I'm so glad that he's doing that, and talking about it publicly. I've been a web developer for a number of years now, and from the beginning I knew about some basic caching issues and about the HTTP 304 (Not Modified) response -- but it took me a while to figure out that in my scripts it's my responsibility to send this header.
Request caching on this level is simply something most people don't think about when they develop web applications, and I'm glad that, thanks to Sam, this may change.
Yesterday at 19:00 local time I sent out this email:
From: Martin Dittus
Subject: Your crawler is _very_ impolite
I'm the owner and webmaster of the domain dekstop.de.
Since yesterday morning I've been getting thousands of hits by your "Virtual Reach Newsclip Collector" aggregator from sp.virtualreach.com. These were requests to virtually all comment feeds from blog articles I offer on my domain. Apparently someone imported the OPML file I offer that links to all those feeds.

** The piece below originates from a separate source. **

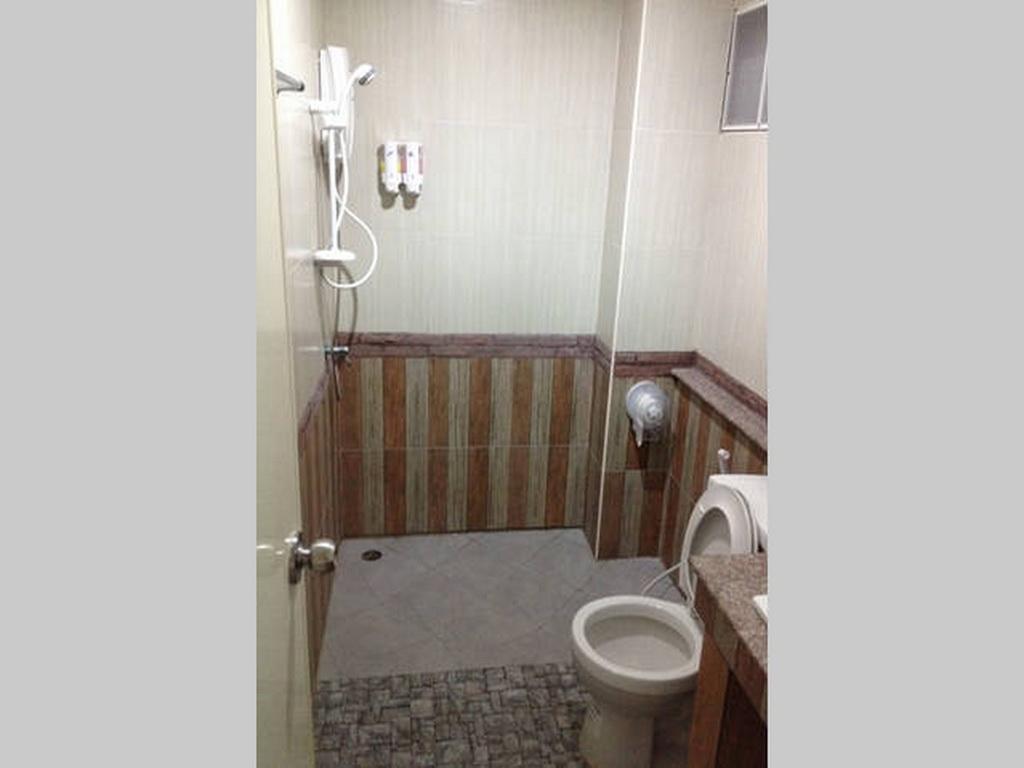 Kanda Guesthouse Si Racha Εξωτερικό φωτογραφία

Which is all fine and dandy.
But when I looked at my logfiles today I thought you guys must be kidding... You can't just request thousands of feeds per day, and then not support ETags/If-modified-since, which means every request results in a full download of the respective file! And you don't even seem to request robots.txt to allow webmasters control over such requests.
The result: today alone (it's 7pm local time) there were ca. 30MB traffic from my domain to sp.virtualreach.com, which means you will use up nearly 1 GB of _my_ traffic per month. For reading feeds that virtually never change.
Fix this ASAP, it's just not polite to waste other people's bandwidth that way.
And by fixing it I don't mean 'remove my site from your aggregator', but I mean that you:
1. Implement ETags/request caching
2. start to respect robots.txt files
This morning, just before 8:00, their requests to my domain stopped. There was no reply to my email yet.
I wonder what their developers are doing right now.